In September 2022, we staged a large-scale premiere at the Odessa Opera House - more than 100 people on stage, with complex scenery, and many costumes. We were hampered by constant air raids, bombed workshops, and lack of finance, but we did it because we considered it our contribution to victory. In November, our colleagues at the Lviv Theater also released their premiere. For the creation of a new Ukrainian opera and work in such difficult conditions, the Odesa and Lviv opera houses received the highest award - the International Opera Awards. Of course, we were pleased that our efforts were so highly appreciated, and that through us the European opera industry supports all Ukrainian artists. But this year the award was given to a production of a Russian opera by a Russian director, and I, as the winner of last year, was forced to present it. I don’t know what motivation motivated the high jury and what message Ukrainians should receive now. According to my feelings, this act devalues all our losses and struggles, all our efforts to survive in unequal conditions. And this convinces us that we are alone in the face of a huge enemy.

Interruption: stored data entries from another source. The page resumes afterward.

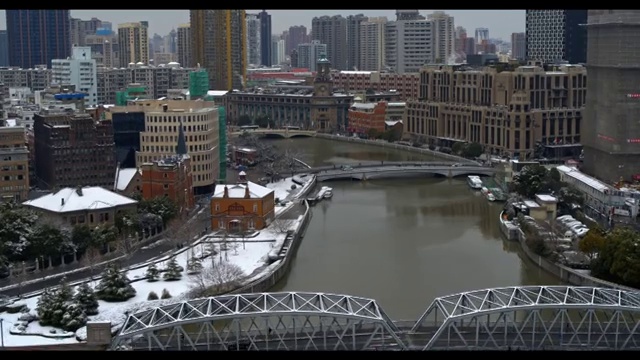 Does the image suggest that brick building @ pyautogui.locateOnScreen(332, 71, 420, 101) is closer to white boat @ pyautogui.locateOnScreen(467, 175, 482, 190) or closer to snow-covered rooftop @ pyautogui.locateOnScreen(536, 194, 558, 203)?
white boat @ pyautogui.locateOnScreen(467, 175, 482, 190)

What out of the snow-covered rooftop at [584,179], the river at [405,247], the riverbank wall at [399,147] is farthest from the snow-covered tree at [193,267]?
the riverbank wall at [399,147]

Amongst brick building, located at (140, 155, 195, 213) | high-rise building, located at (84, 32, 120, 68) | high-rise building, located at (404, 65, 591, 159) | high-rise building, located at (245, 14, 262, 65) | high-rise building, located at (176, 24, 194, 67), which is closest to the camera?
brick building, located at (140, 155, 195, 213)

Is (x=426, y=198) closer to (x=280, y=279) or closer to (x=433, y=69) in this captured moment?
(x=280, y=279)

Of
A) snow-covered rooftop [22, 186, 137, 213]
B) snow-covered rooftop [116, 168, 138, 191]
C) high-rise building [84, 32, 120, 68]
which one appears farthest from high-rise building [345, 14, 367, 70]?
snow-covered rooftop [22, 186, 137, 213]

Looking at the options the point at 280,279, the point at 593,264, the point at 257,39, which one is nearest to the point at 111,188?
the point at 280,279

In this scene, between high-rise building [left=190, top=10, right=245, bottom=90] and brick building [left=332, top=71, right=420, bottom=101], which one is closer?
brick building [left=332, top=71, right=420, bottom=101]

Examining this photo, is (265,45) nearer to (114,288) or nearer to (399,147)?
(399,147)

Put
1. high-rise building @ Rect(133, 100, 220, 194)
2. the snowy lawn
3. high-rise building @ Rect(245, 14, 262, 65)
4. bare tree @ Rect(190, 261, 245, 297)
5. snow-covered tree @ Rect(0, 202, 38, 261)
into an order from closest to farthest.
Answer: the snowy lawn < bare tree @ Rect(190, 261, 245, 297) < snow-covered tree @ Rect(0, 202, 38, 261) < high-rise building @ Rect(133, 100, 220, 194) < high-rise building @ Rect(245, 14, 262, 65)

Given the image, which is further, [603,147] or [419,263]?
[603,147] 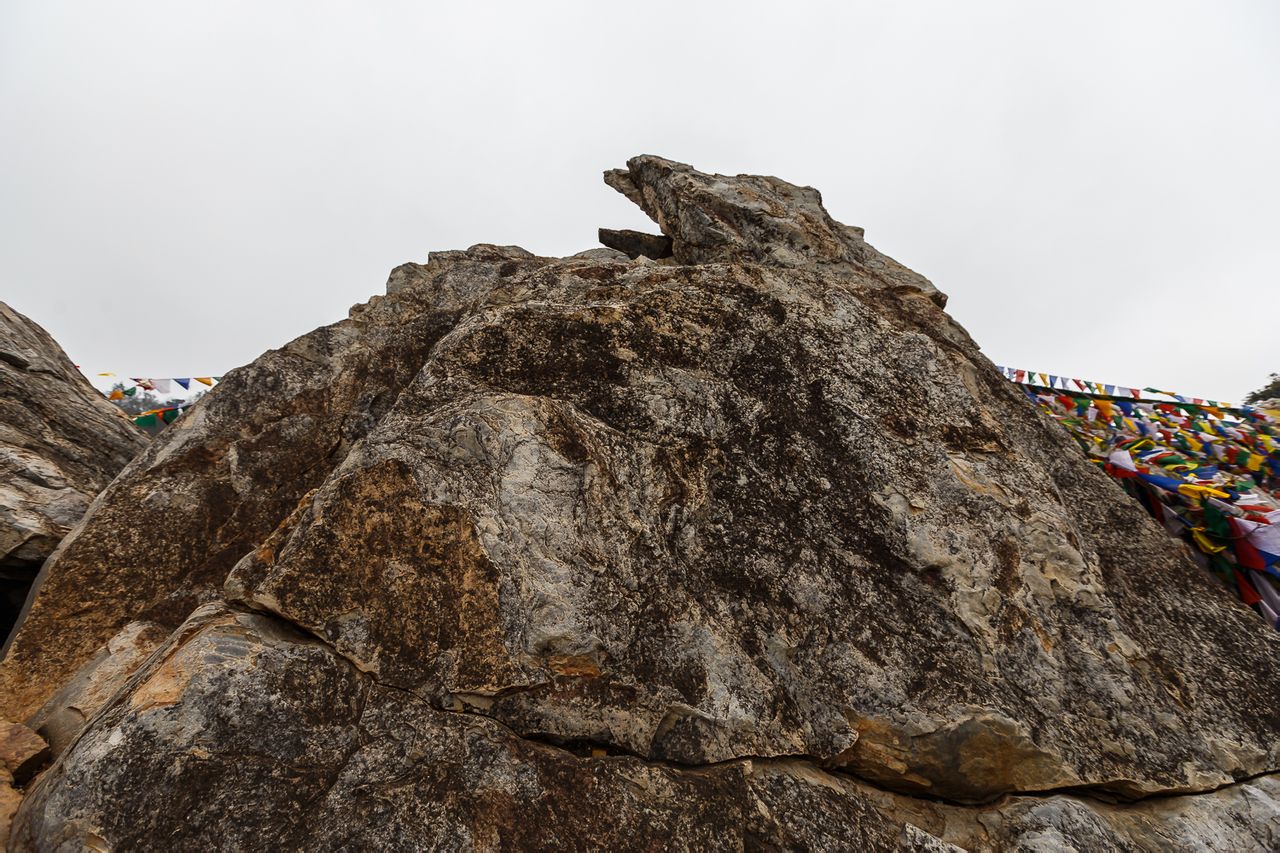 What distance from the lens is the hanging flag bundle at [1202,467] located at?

Of course, Ukrainians are grateful for the shelter and bread that many European countries have provided them, but Russian aggression is not a natural disaster like a tsunami or earthquake. The natural disaster is passing, but the war continues, and if it is not ended soon, there will be many more Ukrainian refugees, that is, people who will need even more shelter and bread. And this burden will again fall on the shoulders of Europeans.

I believe in cultural sanctions and consider them no less effective than economic ones. The more ties still are maintained with Russia, the stronger it becomes, and the more impunity it feels. The more shells it produces, the more Ukrainians die. Maybe by refusing a ticket to a performance with a conditional Netrebko, you will save some of my musician friends who are now in the trenches. Although you can choose neutrality, and then more of us will die.

Returning to values - we are fighting for the opportunity to be independent, for the opportunity to be ourselves, for the preservation of identity. For the opportunity to live in their own homes, on their own land. We believe that these values are as close to the democratic community as they are to us. But for now, Russian operas are heard in the best theaters in the world, Russian pilots fly fighter planes with bombs on board, Russian workers produce shells in three shifts, and Russian guards beat stolen Ukrainian children in Russian orphanages.

We want to survive. And make the world richer. You can help us. If you have time.